* [Assignment]
Could you print exactly the lines of the listing below, starting at the line that has "Butterflies Appear yellow Softstyle Tee" and ending at the line that has "Used 2010 Nissan Xterra Off-Road image 3", and only those lines?

* [Data for the task]
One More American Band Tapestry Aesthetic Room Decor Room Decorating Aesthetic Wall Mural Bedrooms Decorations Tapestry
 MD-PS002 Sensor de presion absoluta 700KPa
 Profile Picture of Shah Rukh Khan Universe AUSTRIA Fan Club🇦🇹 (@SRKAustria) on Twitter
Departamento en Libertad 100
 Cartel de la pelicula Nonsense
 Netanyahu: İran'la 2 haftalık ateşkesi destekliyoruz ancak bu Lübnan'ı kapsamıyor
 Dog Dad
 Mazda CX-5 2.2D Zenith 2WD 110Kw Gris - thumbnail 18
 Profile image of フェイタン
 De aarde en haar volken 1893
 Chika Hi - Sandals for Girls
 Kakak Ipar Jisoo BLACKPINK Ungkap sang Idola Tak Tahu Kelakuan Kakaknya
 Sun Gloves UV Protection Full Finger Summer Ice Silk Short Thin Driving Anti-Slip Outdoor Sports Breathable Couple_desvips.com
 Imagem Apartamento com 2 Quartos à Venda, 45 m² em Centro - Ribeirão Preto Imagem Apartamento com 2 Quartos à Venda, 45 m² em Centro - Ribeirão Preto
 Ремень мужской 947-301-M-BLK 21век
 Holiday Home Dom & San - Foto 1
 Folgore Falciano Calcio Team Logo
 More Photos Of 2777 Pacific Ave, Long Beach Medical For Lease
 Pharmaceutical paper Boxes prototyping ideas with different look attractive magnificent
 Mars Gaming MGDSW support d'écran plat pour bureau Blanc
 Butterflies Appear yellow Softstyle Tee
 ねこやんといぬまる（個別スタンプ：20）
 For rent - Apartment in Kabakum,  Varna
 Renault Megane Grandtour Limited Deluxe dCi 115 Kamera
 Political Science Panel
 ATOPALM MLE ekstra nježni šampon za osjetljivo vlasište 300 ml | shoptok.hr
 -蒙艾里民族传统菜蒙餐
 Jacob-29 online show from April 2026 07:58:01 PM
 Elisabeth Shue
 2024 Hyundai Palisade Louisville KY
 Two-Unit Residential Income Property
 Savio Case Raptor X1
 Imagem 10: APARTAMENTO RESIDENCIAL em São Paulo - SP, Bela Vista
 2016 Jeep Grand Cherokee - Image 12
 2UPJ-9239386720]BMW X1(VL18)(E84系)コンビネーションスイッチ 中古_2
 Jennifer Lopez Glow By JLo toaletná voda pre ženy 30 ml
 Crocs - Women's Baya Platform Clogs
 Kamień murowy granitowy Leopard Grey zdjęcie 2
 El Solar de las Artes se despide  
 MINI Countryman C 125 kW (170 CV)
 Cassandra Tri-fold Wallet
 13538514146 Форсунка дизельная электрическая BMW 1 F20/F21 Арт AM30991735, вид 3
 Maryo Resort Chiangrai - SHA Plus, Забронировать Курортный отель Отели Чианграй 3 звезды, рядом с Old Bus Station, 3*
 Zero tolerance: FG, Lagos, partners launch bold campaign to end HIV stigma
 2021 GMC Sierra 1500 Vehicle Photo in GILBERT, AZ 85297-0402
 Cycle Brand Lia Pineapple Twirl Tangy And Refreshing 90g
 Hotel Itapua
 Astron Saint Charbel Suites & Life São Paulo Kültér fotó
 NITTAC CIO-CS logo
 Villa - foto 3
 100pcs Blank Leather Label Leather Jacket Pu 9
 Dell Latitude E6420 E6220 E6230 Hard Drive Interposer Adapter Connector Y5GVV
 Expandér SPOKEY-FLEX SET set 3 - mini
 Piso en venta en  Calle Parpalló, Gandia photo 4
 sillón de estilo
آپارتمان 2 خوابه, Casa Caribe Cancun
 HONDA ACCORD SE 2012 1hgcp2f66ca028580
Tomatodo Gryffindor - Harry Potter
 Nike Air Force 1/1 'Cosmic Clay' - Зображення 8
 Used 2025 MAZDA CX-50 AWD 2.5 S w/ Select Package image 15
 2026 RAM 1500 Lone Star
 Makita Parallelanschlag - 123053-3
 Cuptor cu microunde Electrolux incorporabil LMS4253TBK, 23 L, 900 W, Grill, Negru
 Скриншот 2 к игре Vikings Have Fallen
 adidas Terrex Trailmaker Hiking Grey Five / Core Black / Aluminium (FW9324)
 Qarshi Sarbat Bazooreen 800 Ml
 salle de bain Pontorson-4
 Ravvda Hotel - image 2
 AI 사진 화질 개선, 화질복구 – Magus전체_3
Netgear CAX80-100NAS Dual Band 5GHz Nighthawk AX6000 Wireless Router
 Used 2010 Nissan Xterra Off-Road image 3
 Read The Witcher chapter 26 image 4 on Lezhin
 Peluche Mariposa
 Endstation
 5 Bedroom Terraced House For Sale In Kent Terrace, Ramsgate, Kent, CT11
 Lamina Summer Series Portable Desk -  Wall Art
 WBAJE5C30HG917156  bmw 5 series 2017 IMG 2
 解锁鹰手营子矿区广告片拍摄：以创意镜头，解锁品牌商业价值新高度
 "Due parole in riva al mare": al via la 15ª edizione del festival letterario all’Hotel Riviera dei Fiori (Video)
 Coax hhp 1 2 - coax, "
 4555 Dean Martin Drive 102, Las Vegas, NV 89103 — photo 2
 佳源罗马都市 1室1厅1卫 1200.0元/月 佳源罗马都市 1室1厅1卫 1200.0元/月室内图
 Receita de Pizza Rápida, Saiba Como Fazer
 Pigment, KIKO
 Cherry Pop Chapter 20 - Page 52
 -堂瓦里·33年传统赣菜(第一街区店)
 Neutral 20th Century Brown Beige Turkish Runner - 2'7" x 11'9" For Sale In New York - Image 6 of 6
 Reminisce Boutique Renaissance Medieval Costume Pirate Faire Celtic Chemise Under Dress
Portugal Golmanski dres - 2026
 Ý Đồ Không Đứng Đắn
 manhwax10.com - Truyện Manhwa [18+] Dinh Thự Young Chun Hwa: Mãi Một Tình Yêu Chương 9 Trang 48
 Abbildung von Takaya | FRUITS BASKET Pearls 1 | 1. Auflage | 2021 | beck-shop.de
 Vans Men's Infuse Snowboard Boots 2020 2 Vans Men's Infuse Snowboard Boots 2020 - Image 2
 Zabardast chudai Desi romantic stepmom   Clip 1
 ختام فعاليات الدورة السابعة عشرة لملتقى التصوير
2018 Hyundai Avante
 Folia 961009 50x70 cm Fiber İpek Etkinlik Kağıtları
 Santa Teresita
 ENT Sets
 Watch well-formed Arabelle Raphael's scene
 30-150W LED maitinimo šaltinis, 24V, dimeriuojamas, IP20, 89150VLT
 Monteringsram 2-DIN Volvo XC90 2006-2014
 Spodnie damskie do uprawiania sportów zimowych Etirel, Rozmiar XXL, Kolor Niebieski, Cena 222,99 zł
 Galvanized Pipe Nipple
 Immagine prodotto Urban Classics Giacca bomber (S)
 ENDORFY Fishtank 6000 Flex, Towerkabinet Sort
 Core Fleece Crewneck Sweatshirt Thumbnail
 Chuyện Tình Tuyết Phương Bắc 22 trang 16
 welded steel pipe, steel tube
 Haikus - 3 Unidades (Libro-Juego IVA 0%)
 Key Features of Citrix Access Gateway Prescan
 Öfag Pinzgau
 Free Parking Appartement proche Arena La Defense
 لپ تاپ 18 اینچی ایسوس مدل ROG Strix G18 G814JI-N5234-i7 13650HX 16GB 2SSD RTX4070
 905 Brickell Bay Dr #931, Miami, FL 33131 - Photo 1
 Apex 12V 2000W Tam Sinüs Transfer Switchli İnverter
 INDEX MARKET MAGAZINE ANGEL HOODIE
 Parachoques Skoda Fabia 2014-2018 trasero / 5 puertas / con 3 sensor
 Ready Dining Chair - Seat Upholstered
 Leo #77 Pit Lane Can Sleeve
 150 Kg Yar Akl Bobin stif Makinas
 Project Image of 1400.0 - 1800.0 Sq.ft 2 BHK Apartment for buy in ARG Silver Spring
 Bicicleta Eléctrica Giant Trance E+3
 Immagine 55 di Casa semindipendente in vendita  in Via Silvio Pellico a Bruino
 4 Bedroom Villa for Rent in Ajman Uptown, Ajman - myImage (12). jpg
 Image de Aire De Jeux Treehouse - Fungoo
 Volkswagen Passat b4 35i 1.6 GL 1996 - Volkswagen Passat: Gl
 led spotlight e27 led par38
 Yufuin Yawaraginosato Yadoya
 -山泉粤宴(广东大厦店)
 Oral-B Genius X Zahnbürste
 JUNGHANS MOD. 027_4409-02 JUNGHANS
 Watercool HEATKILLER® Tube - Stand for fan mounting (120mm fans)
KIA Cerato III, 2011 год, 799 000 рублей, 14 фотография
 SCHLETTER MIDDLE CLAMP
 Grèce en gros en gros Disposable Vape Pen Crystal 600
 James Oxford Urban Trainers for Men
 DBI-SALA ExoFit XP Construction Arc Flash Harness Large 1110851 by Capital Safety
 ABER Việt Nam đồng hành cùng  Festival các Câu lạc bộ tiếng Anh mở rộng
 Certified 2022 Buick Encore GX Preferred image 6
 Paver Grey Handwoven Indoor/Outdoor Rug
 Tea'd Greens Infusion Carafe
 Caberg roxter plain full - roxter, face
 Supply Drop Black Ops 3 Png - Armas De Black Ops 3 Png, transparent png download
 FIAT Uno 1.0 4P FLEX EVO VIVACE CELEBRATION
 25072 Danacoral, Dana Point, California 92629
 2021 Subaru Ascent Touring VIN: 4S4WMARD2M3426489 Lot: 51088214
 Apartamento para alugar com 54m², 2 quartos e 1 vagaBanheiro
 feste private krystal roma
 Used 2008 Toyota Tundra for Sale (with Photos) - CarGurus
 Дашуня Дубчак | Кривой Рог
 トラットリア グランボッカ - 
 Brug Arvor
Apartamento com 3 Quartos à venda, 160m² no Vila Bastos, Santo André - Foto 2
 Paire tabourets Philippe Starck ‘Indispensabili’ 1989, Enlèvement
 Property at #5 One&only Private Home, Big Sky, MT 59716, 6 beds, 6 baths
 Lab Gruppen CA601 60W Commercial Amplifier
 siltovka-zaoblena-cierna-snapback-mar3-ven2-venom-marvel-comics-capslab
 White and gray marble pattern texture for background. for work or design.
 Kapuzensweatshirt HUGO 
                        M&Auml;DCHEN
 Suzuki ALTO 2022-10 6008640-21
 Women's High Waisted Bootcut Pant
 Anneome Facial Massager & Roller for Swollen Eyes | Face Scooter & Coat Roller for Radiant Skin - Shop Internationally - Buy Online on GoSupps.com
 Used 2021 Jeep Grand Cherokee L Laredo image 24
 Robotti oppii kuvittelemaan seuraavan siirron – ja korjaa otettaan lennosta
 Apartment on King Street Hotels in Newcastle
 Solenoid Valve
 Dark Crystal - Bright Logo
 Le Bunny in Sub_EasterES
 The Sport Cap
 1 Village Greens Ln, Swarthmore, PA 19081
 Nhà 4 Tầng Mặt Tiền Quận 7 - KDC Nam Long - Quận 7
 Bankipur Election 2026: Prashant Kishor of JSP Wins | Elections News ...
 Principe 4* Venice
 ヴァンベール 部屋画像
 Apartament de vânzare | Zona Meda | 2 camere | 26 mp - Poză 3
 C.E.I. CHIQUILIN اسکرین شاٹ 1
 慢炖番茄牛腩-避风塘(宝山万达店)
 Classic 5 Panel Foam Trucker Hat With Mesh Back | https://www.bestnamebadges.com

* [Response box]
 Butterflies Appear yellow Softstyle Tee
 ねこやんといぬまる（個別スタンプ：20）
 For rent - Apartment in Kabakum,  Varna
 Renault Megane Grandtour Limited Deluxe dCi 115 Kamera
 Political Science Panel
 ATOPALM MLE ekstra nježni šampon za osjetljivo vlasište 300 ml | shoptok.hr
 -蒙艾里民族传统菜蒙餐
 Jacob-29 online show from April 2026 07:58:01 PM
 Elisabeth Shue
 2024 Hyundai Palisade Louisville KY
 Two-Unit Residential Income Property
 Savio Case Raptor X1
 Imagem 10: APARTAMENTO RESIDENCIAL em São Paulo - SP, Bela Vista
 2016 Jeep Grand Cherokee - Image 12
 2UPJ-9239386720]BMW X1(VL18)(E84系)コンビネーションスイッチ 中古_2
 Jennifer Lopez Glow By JLo toaletná voda pre ženy 30 ml
 Crocs - Women's Baya Platform Clogs
 Kamień murowy granitowy Leopard Grey zdjęcie 2
 El Solar de las Artes se despide  
 MINI Countryman C 125 kW (170 CV)
 Cassandra Tri-fold Wallet
 13538514146 Форсунка дизельная электрическая BMW 1 F20/F21 Арт AM30991735, вид 3
 Maryo Resort Chiangrai - SHA Plus, Забронировать Курортный отель Отели Чианграй 3 звезды, рядом с Old Bus Station, 3*
 Zero tolerance: FG, Lagos, partners launch bold campaign to end HIV stigma
 2021 GMC Sierra 1500 Vehicle Photo in GILBERT, AZ 85297-0402
 Cycle Brand Lia Pineapple Twirl Tangy And Refreshing 90g
 Hotel Itapua
 Astron Saint Charbel Suites & Life São Paulo Kültér fotó
 NITTAC CIO-CS logo
 Villa - foto 3
 100pcs Blank Leather Label Leather Jacket Pu 9
 Dell Latitude E6420 E6220 E6230 Hard Drive Interposer Adapter Connector Y5GVV
 Expandér SPOKEY-FLEX SET set 3 - mini
 Piso en venta en  Calle Parpalló, Gandia photo 4
 sillón de estilo
آپارتمان 2 خوابه, Casa Caribe Cancun
 HONDA ACCORD SE 2012 1hgcp2f66ca028580
Tomatodo Gryffindor - Harry Potter
 Nike Air Force 1/1 'Cosmic Clay' - Зображення 8
 Used 2025 MAZDA CX-50 AWD 2.5 S w/ Select Package image 15
 2026 RAM 1500 Lone Star
 Makita Parallelanschlag - 123053-3
 Cuptor cu microunde Electrolux incorporabil LMS4253TBK, 23 L, 900 W, Grill, Negru
 Скриншот 2 к игре Vikings Have Fallen
 adidas Terrex Trailmaker Hiking Grey Five / Core Black / Aluminium (FW9324)
 Qarshi Sarbat Bazooreen 800 Ml
 salle de bain Pontorson-4
 Ravvda Hotel - image 2
 AI 사진 화질 개선, 화질복구 – Magus전체_3
Netgear CAX80-100NAS Dual Band 5GHz Nighthawk AX6000 Wireless Router
 Used 2010 Nissan Xterra Off-Road image 3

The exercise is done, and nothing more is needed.